US imported grinding beef prices have risen to levels not seen since late 2015 as buyers eye-off a tight supply outlook.

An estimated 50% of all beef consumption in the US is in the form of ground beef, the staple component of the traditional hamburger. Ground beef demand remains constant throughout the year but hits peak demand during the summer months as ‘grilling season’ sweeps across the US, typically opening with Memorial Day in May.

Demand for grinding beef in the US has been excellent and record levels of beef production has supported domestic consumption. Despite a shift to chilled-only burger menu items by a number of foodservice outlets, imported frozen grinding beef forms an essential component of the manufacturing process in the US.

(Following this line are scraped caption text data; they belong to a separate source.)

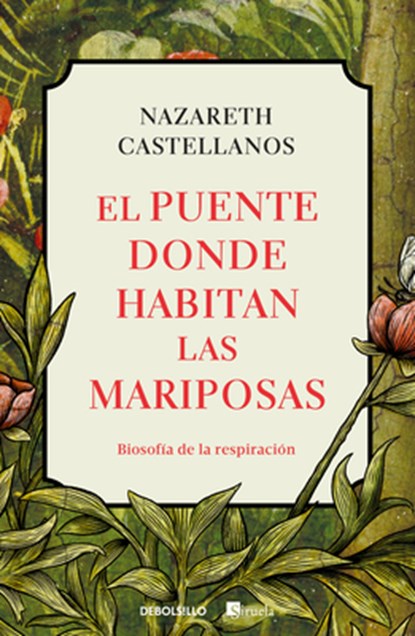 El Puente Donde Habitan Las Mariposas / The Bridge Where Butterflies Dwell, Nazareth Castellanos - Paperback - 9788466381871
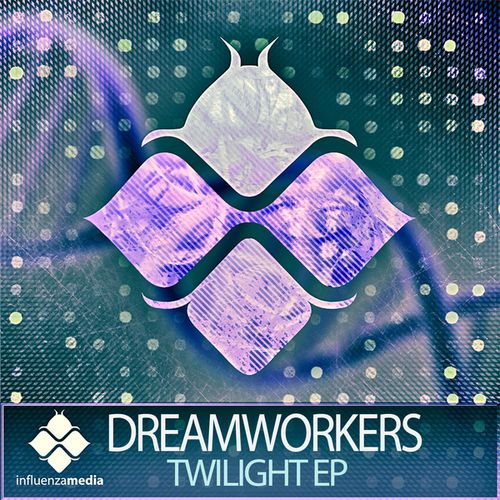 Dreamworkers-Twilight EP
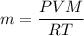 m = \dfrac{PVM}{RT}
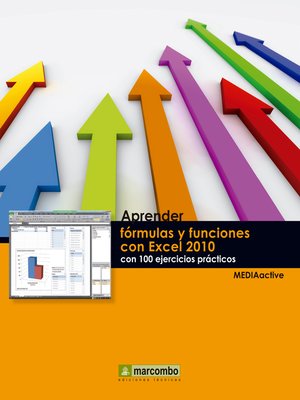 cover image of Aprender fórmulas y funciones con Excel 2010 con 100 ejercicios prácticos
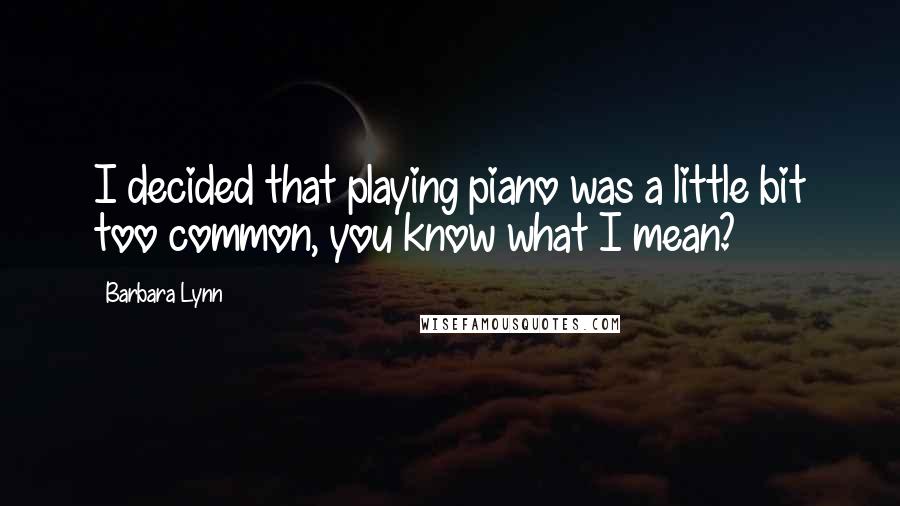 Barbara Lynn Quotes: I decided that playing piano was a little bit too common, you know what I mean?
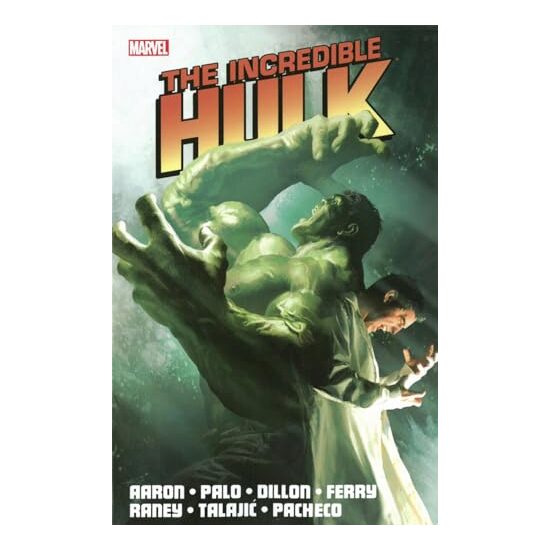 Incredible Hulk by Jason Aaron - Volume 2, Jason Aaron, Jefte Palo, Steve Dillon, Pasqual Ferry, Tom Raney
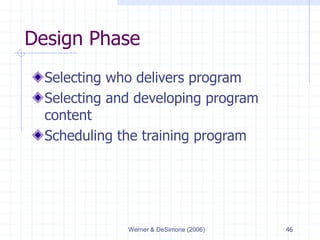 Werner & DeSimone (2006) 46
Design Phase
Selecting who delivers program
Selecting and developing program
content
Scheduling the training program
 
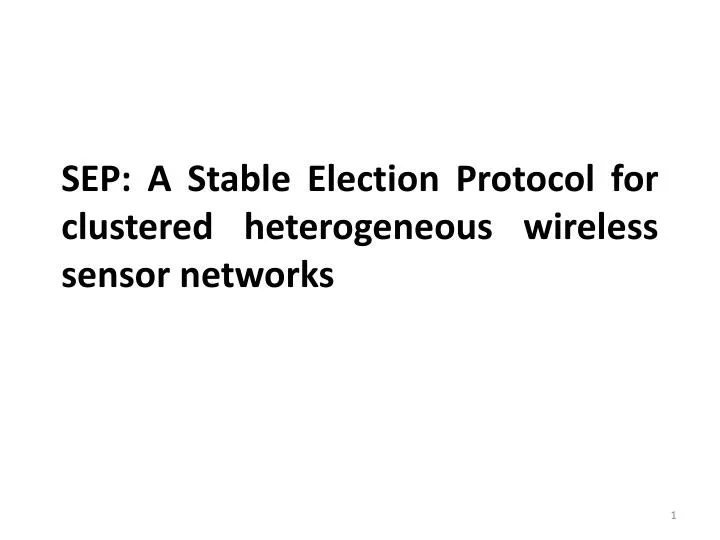 sep a stable election protocol for clustered heterogeneous wireless sensor networks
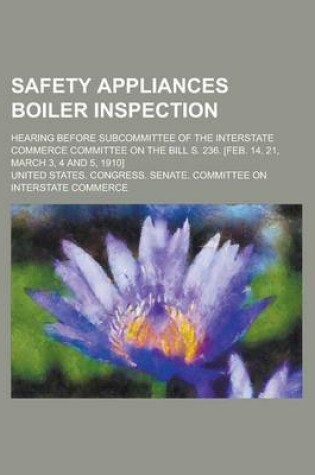 Cover of Safety Appliances Boiler Inspection; Hearing Before Subcommittee of the Interstate Commerce Committee on the Bill S. 236. [Feb. 14, 21, March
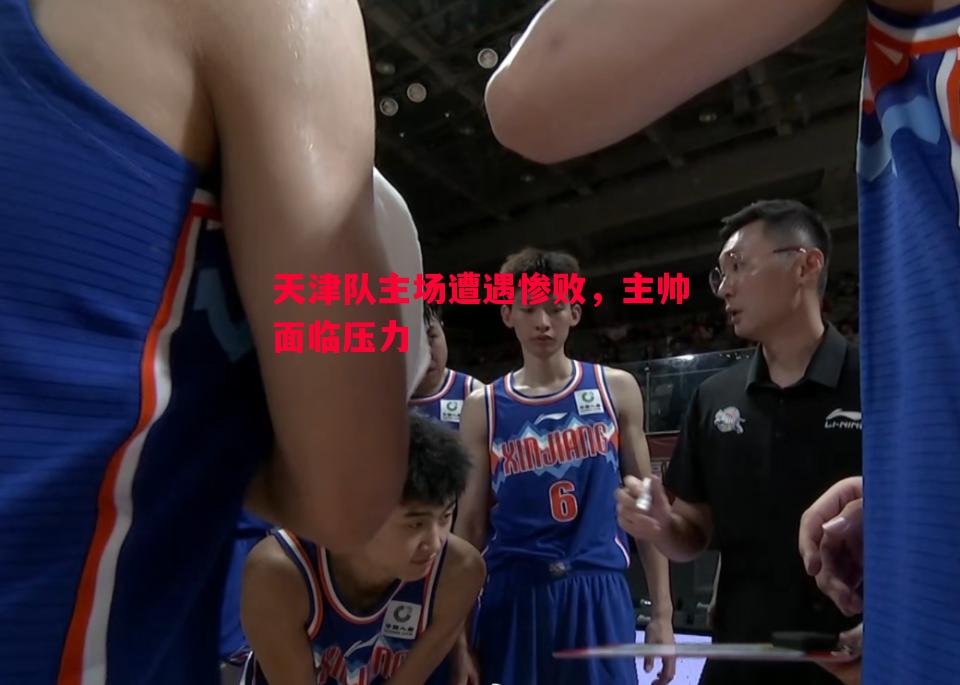 天津队主场遭遇惨败,主帅面临压力 天津队主场遭遇惨败,主帅面临压力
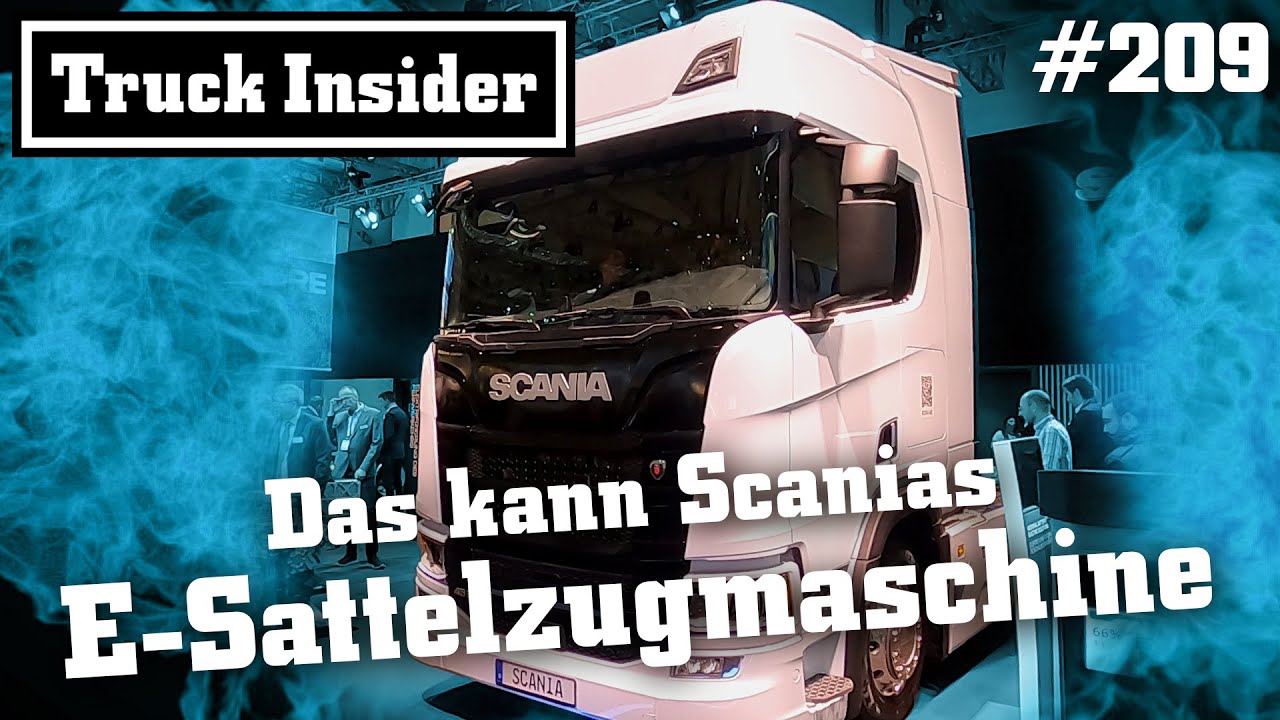 Truck Insider: Das kann Scanias E-Sattelzugmaschine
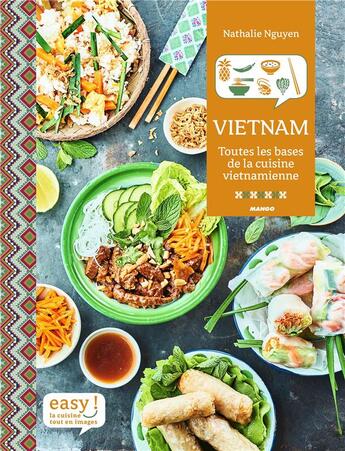 Couverture du livre « Vietnam ; toutes les bases de la cuisine vietnamienne » de Nathalie Nguyen aux éditions Mango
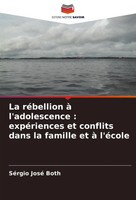 La RéBellion à L'adolescence : ExpéRiences Et Conflits Dans La Famille Et à...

In recent weeks, the US imported 90CL (90% chemical lean) beef indicator has risen to levels not seen since October 2015, currently trading at 684A¢/kg CIF, up 99¢/kg compared to year-ago-levels.

Imported grinding beef has commanded a premium to chilled US domestic product throughout the entirety of 2019. The spread has been driven by restricted availability from key suppliers – Australia and New Zealand – and any convergence of prices looks set to be driven by US domestic grinding beef gaining value in the short term. US retailers will shift to featuring more beef for spring grilling needs, meaning prices could stay elevated through until the end of May.

New Zealand

Total New Zealand cattle slaughter – despite a slow start to the season – is currently running 14% higher year-on-year. However, a greater volume of product has been diverted to China, with year-to-February exports to China are up 55% and exports to the US back 24% over the same period.

Australia

For the calendar year-to-March, Australian beef shipments to the US were 16% higher compared to last year and the manufacturing component was up 20% over the same period. Elevated cow slaughter in Australia during the first quarter, the result of sustained dry conditions, pushed more manufacturing beef onto the market. However, overall supplies heading to the US remain constrained relative to demand and, like New Zealand, a greater proportion of Australian exports have shifted to North Asia, in particular China.

Price movements

There has been a sustained lift in the US imported 90CL beef indicator since the beginning of the year, up 61¢/kg, which is largely the result of US end users facing heightened competition. However, in recent weeks, prices have accelerated, fuelled further by rainfall in Queensland. US buyers appear concerned with the supply outlook over the peak demand period and have sought to find cover were possible.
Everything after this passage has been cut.